__Problem to work on__.
Copy exactly, and only, the lines from the line containing "2 Adesivi alette" through the last line of the records below, both included, and leave out any pictures.

__Given data__.
****

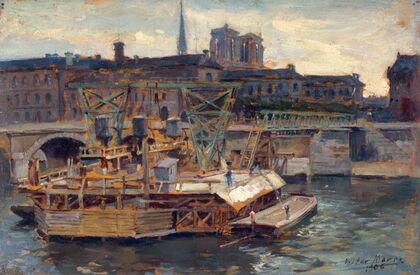 Les travaux du métropolitain au pont Notre-Dame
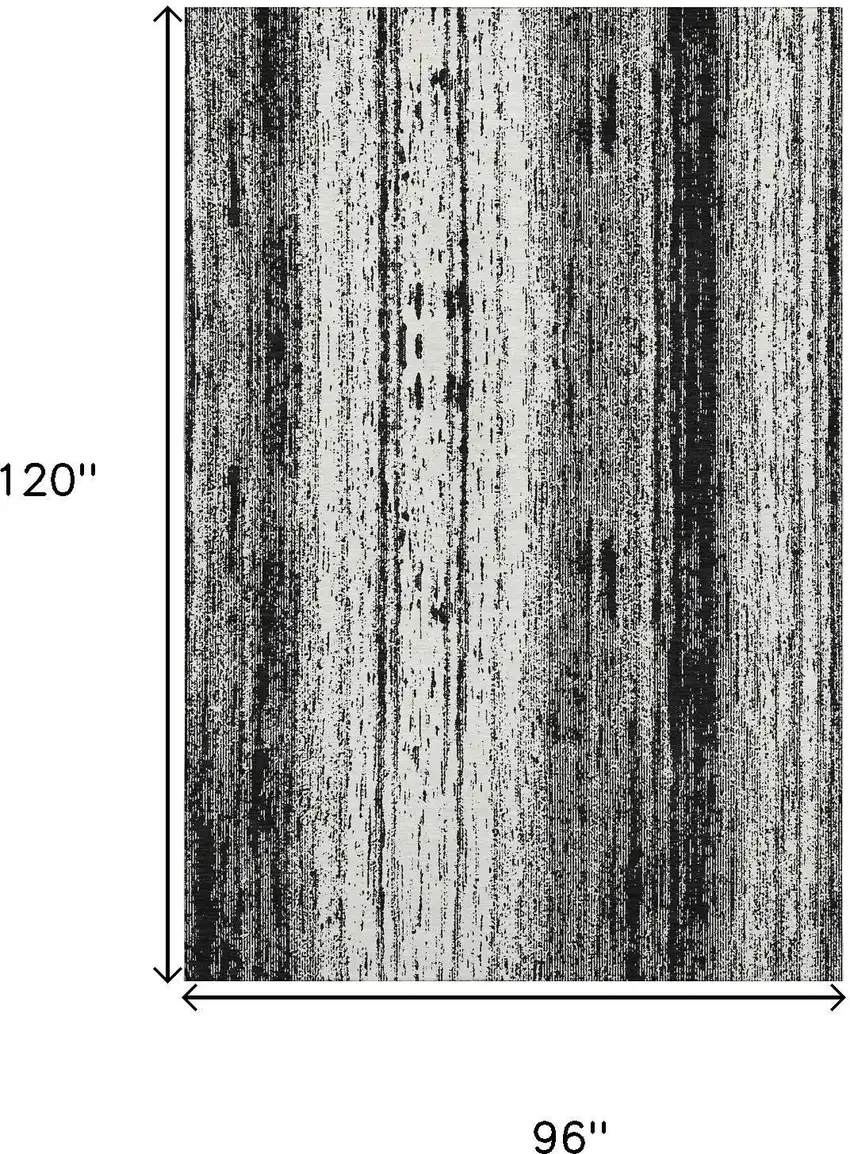 Black And Ivory Striped Washable Area Rug With UV Protection Photo 3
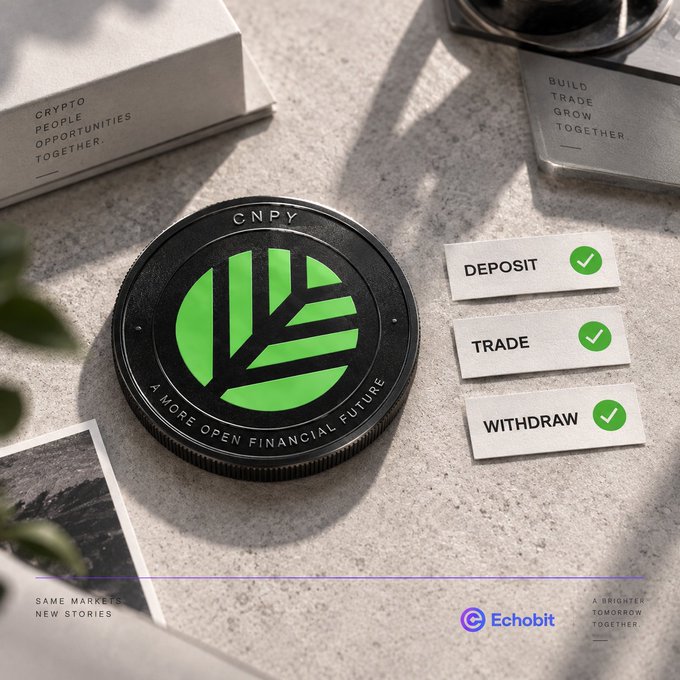 A 3D-rendered advertisement for the CNPY cryptocurrency token features a black and green coin with options to 'DEPOSIT', 'TRADE', and 'WITHDRAW' and 'Echobit' branding.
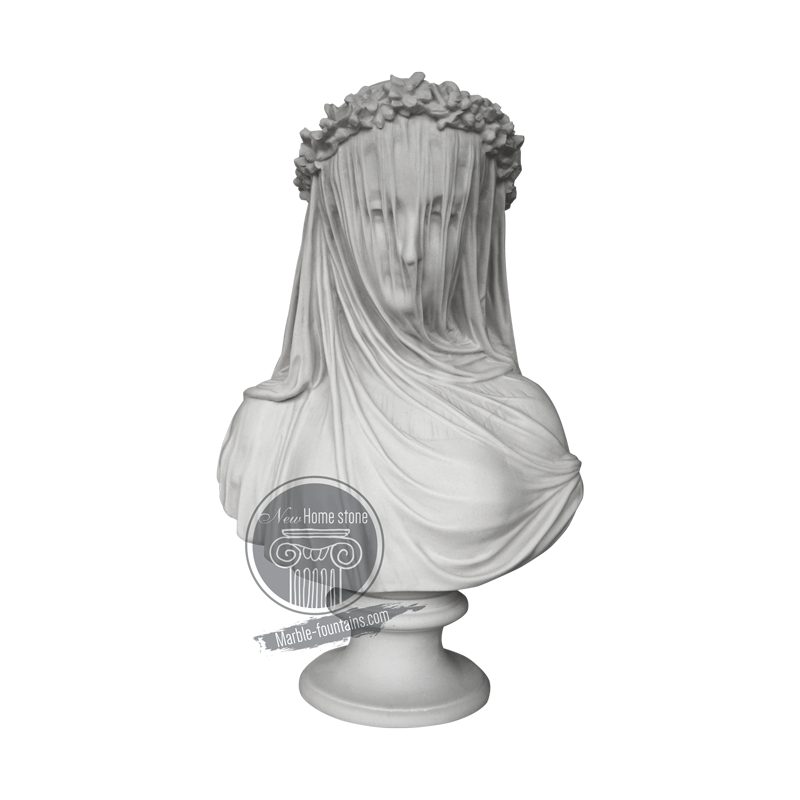 Italian hand carved marble bust of a young woman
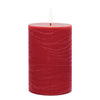 Flameless Red Pillar Candle (Set of 2) – 4"H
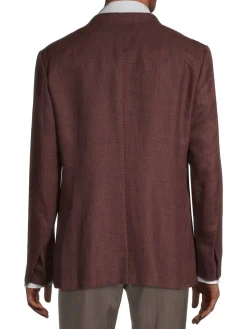 Ermenegildo Zegna Linen|Linen, Wool & Silk Blazer Dark Brown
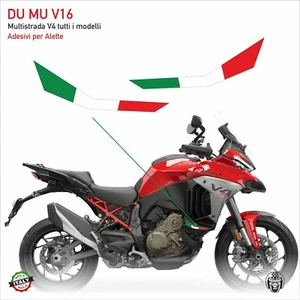 2 Adesivi alette diffusori MULTISTRADA V4 tutti i modelli ITALIA DU MU V16 - Picture 1 of 1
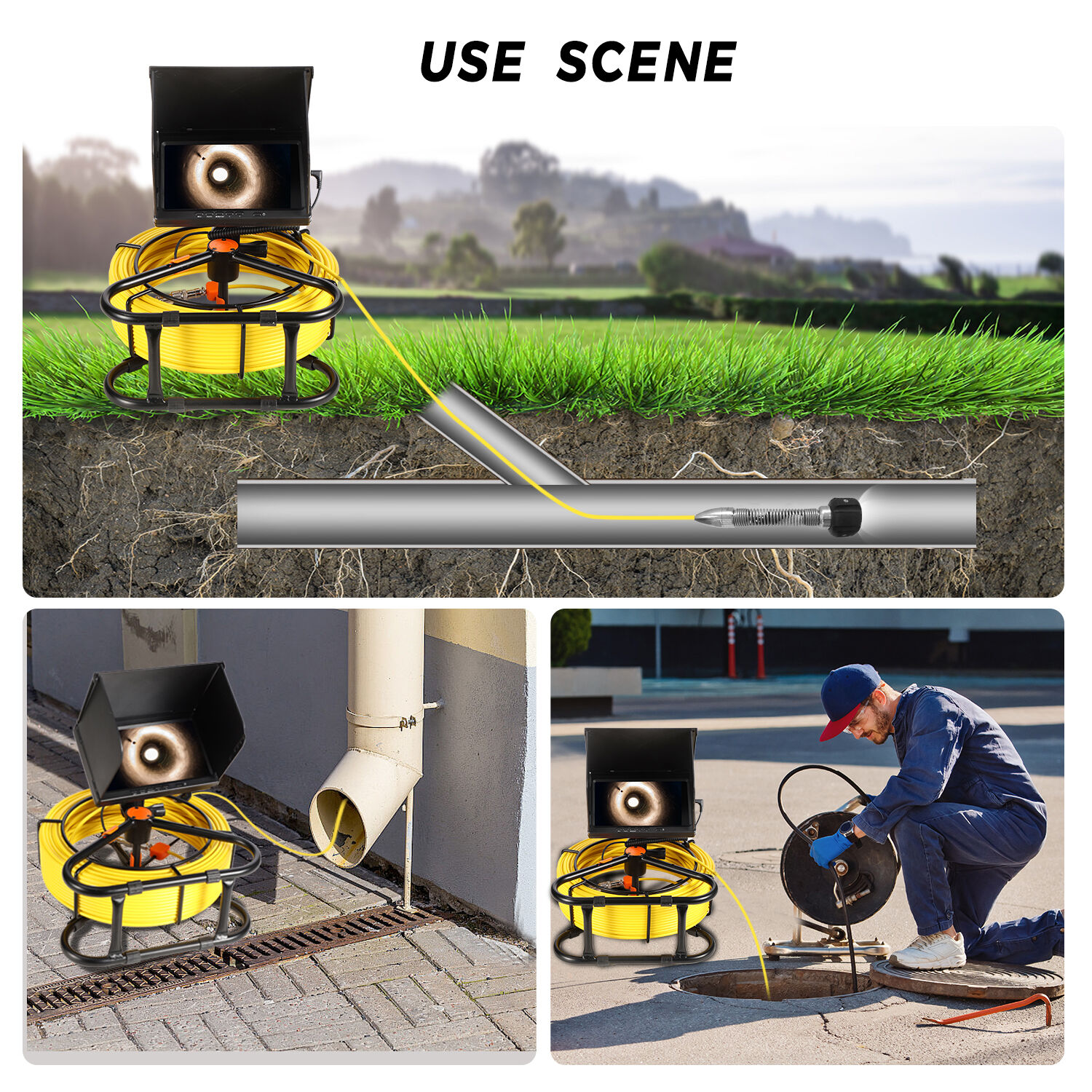 Pipe Camera 7inch HD1080P Screen&16GB Video Recording Drian Camera Inspection 23mm HD Camera head &IP68 Waterproof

****

__Response to this task__.
 2 Adesivi alette diffusori MULTISTRADA V4 tutti i modelli ITALIA DU MU V16 - Picture 1 of 1
 Pipe Camera 7inch HD1080P Screen&16GB Video Recording Drian Camera Inspection 23mm HD Camera head &IP68 Waterproof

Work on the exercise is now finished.